Lord Can You Hear Me… ah, that old familiar church organ sound, just three or four notes ringing away, and Pierce, alone, once more asking “Lord” to help him out, as he touches on the suicide option: “I’d take my life, but I’m in doubt / Just where my soul will lie / Deep in the earth or way up in the sky.” That’s an honest call. The rest of the lyrics have Pierce asking Lord, “can you hear me when I call.” The question I have though is, is he really “calling?” Perhaps he is. Perhaps there’s something genuine in that for him. Musically, we get a beat, and a few bent notes on guitar. He uses gospel choir to ask the question once he runs out of steam. Halfway through, the volume doubles, vistas of churning electric guitar, sky-piercing organ tones, high notes from the choir, as Pierce aims for “way up in the sky,” and if Lord can’t hear him, he’s gonna go right up there and call louder, and that’s what he needs the gospel choir for. He better hope Lord’s not sleeping else he gets a slap in the face. Quite a neat ending.
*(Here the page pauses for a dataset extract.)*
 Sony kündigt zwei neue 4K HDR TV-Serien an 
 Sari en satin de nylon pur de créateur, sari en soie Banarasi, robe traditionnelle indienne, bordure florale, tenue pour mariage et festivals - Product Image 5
I’ve been listening to this on and off for years without really considering the trajectory, but now that I’ve traced it closely, I can see how the spiritual journey works, and why the album is frontloaded with the best tunes, and why it slowly fades. I guess the band couldn’t translate a “come down” without first providing a high, and in that sense this is another clever concept album, although Pierce seems to be running out of ideas on the second half. My general opinion though has changed since listening to this recently, and I find it the least interesting Spiritualized album so far, despite my enjoyment of it.